Usage of "empty graph"

To me this term is analogous to inflammable. In that famous example, the ambiguous prefix in- can either mean "causing or bringing to" or imply negation. As a result, most writers on style and usage recommend avoiding the word entirely, and using the context-appropriate one of its two (unambiguous) alternatives: flammable and non-flammable. In a similar way, my own advice to authors is to avoid the term "empty graph" entirely and use instead either "null graph" or "edgeless graph," depending on one's intent.

But although edgeless is straightforward, the term null might still be interpreted as meaning edgeless, when in fact it is intended with the stronger meaning of having zero edges and zero vertices. This doesn't happen with flammable/non-flammable, whose meanings are always unique. —Preceding unsigned comment added by 83.132.117.124 (talk) 19:18, 27 January 2010 (UTC)

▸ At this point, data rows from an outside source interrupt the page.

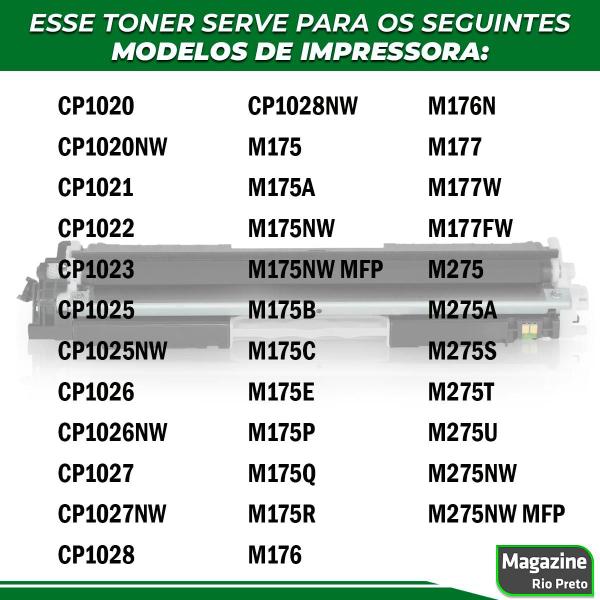 Imagem de Toner Compatível com CE310A Universal 310A 126A Preto  CP1020 1020WN CP1025 M175A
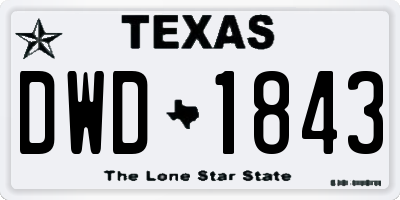 TX license plate DWD1843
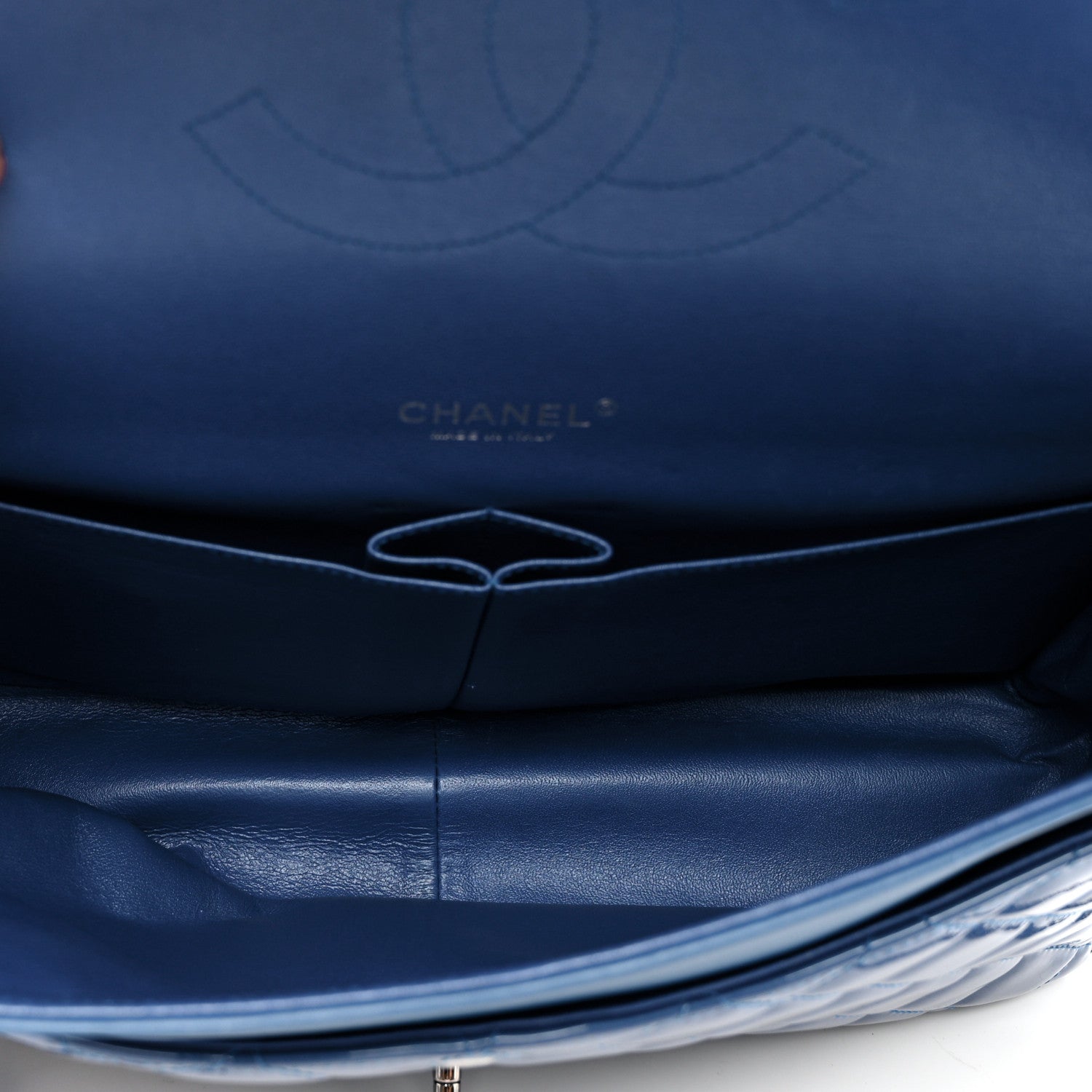 Chanel Patent Quilted Maxi Double Flap Blue 4 of 9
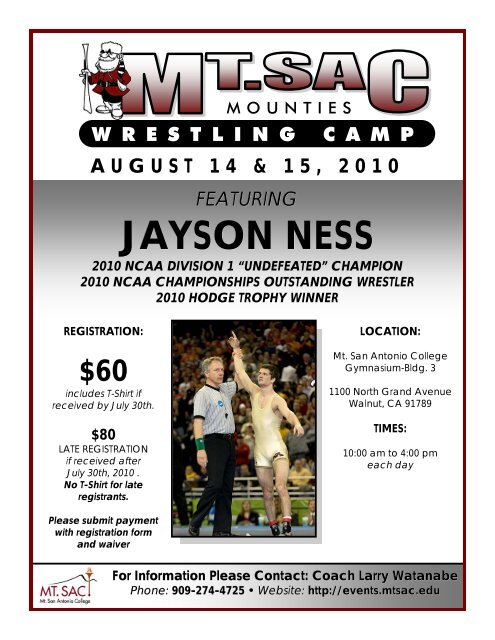 jayson ness - the Mt. SAC Special Events Website - Mt. San Antonio ...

But, of course, typical Wikipedia pages should be descriptive, rather than prescriptive. And since there is clearly no single, universally agreed convention on this point of terminology, I've tried in the mods I've just made to the null graph article merely to point out and clarify the range of uses actually encountered in the literature and highlight the risk of the ambiguity.—PaulTanenbaum (talk) 14:56, 14 September 2008 (UTC)

Radius and Diameter

Why is the radius of the null graph 0? And why is the diameter 0? According to the definitions in Wikipedia, the radius of the null graph is the minimum of some function, taken over an empty set. The convention in these cases is to put ${\displaystyle \infty }$ as the result. Similarly, the diameter is defined to be the maximum of some function take over an empty set. By the same convention, this should be ${\displaystyle -\infty }$. Am I wrong? Peleg (talk) 20:28, 30 November 2016 (UTC)

The diameter can be defined either as a maximum (of distances between pairs of vertices) or a minimum (of numbers d such that all pairs of vertices have paths of length at most d). Similarly, the radius is either a minimum (over vertices, of the longest distance from that vertex to any other) or a maximum (over distances d such that every vertex has another vertex at distance at least d from it). I think it would be better just to leave out these two numbers, unless we get a reliable source that chooses one of these conventions for them. —David Eppstein (talk) 21:30, 30 November 2016 (UTC)